Alors que le gouverneur de la Banque de la République d’Haïti (BRH), Ronald Gabriel, annonce la mise en place d’une plateforme de paiement ultramoderne, interopérable et compatible avec la blockchain afin de permettre des paiements instantanés, son discours soulève une contradiction difficile à ignorer.
Comment promouvoir la modernisation du système financier tout en menaçant de poursuites Dessalines Bank, accusée d’avoir proposé des services financiers numériques ? Cette apparente incohérence interpelle.
D’un côté, la BRH se projette vers l’avenir en évoquant des technologies comme la blockchain, les cryptomonnaies et les stablecoins. De l’autre, elle adopte une approche répressive à l’égard d’initiatives qui pourraient justement contribuer à préparer le terrain à cette transformation.
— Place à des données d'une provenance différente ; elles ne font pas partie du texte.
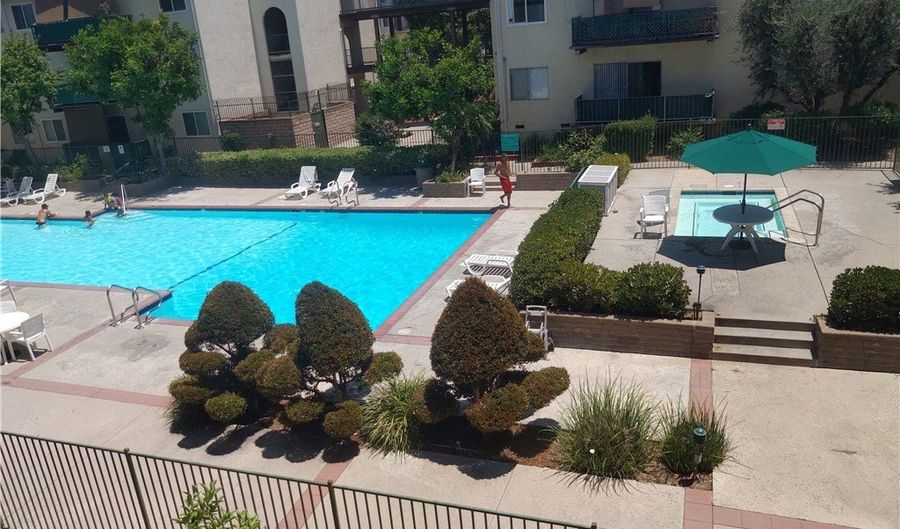5460 White Oak Ave C101, Encino, CA 91316 - 2 Beds, 2 Bath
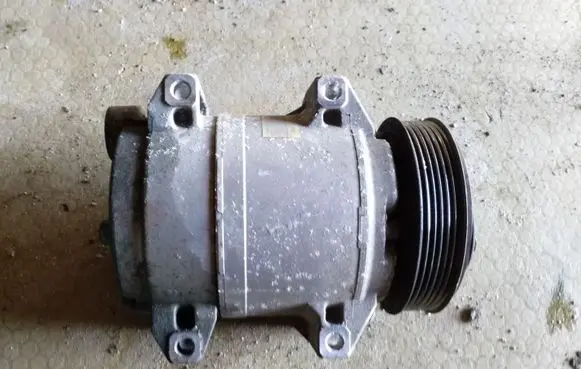 Volvo S60 Air conditioning (A/C) compressor (pump) 30665339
Au-delà de l’avertissement adressé au public, cette situation met en lumière les difficultés de la régulation financière en Haïti, souvent confrontée à une innovation qui évolue plus rapidement que le cadre juridique.
Plutôt que de décourager les nouvelles initiatives, la Banque centrale ne gagnerait-elle pas à les encadrer, à définir des règles claires et à favoriser l’émergence d’un véritable écosystème financier numérique, à la fois sécurisé, innovant et compétitif ?
Les citoyens, appelés à faire preuve de vigilance, sont également en droit d’attendre des autorités une vision cohérente, une réglementation adaptée aux nouvelles réalités technologiques et, surtout, des résultats concrets en matière de modernisation du système financier.